Supports 3 different comma placement variations in the input string.
- Title Firstname “Nickname” Middle Middle Lastname Suffix
- Lastname [Suffix], Title Firstname (Nickname) Middle Middle[,] Suffix [, Suffix]
- Title Firstname M Lastname [Suffix], Suffix [Suffix] [, Suffix]
It attempts the best guess that can be made with a simple, rule-based approach. It’s not perfect, but it gets you pretty far.
Its main use case is English, but it may be useful for other latin-based languages, especially if you are willing to customize it, but it is not likely to be useful for languages that do not share the same structure as English names.
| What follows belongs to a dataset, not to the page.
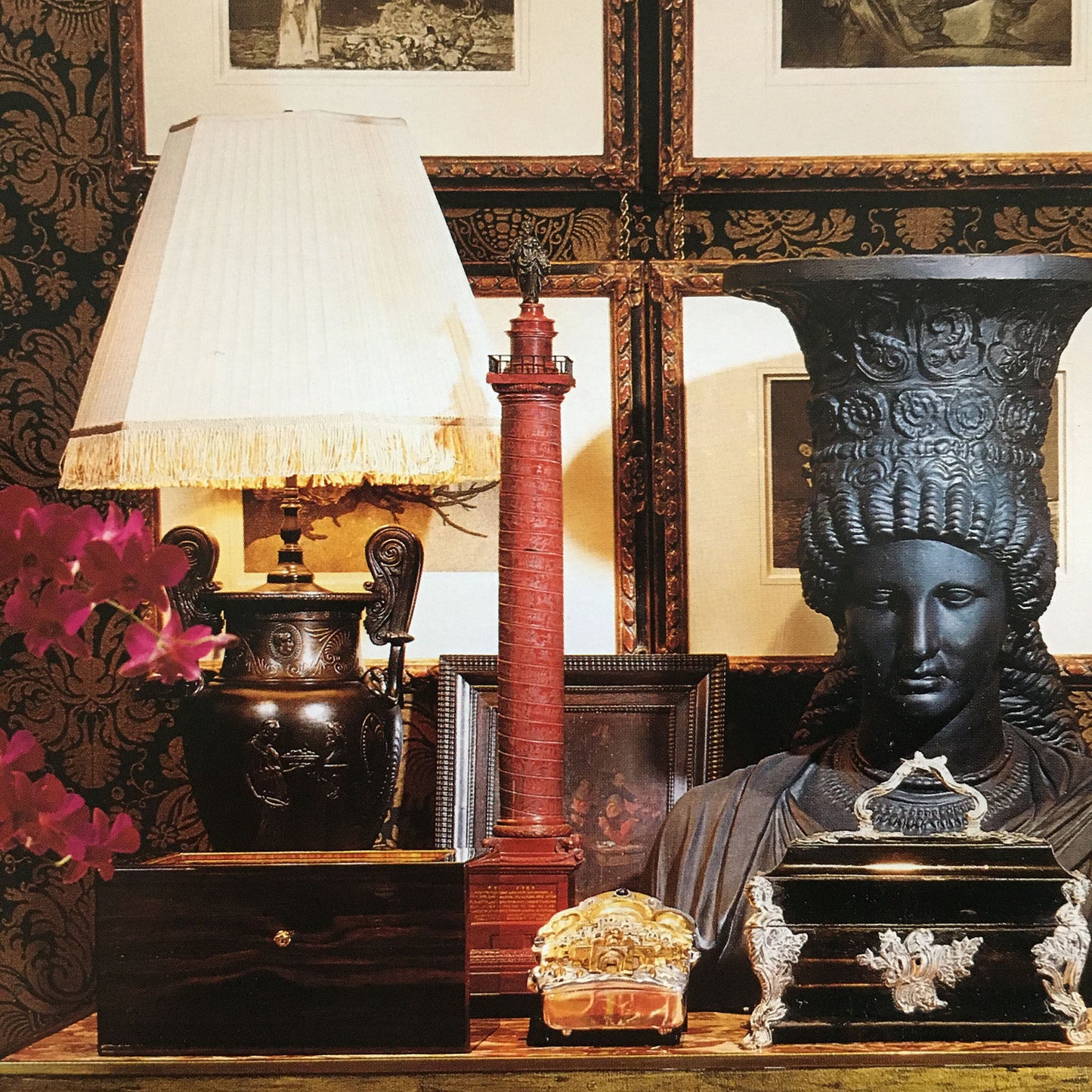 Pair of 19th Century Volute Krater Lamps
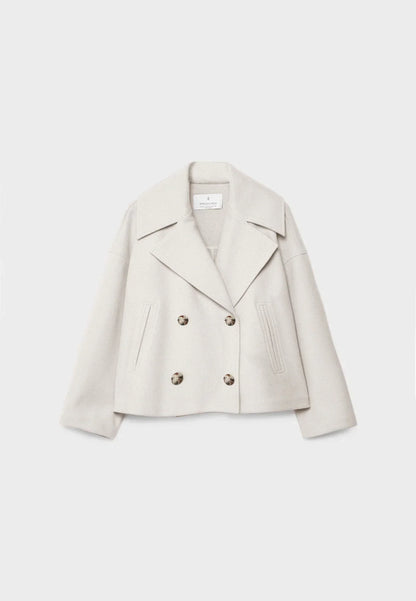 Ladies short double-breasted coat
Instantiating the HumanName class with a string splits on commas and then spaces, classifying name parts based on placement in the string and matches against known name pieces like titles. It joins name pieces on conjunctions and special prefixes to last names like “del”. Titles can be chained together and include conjunctions to handle titles like “Asst Secretary of State”. It can also try to correct capitalization.
It does not attempt to correct input mistakes. When there is ambiguity that cannot be resolved by a rule-based approach, HumanName prefers to handle the most common cases correctly. For example, “Dean” is not parsed as title because it is more common as a first name (You can customize this behavior though, see Parser Customization Examples).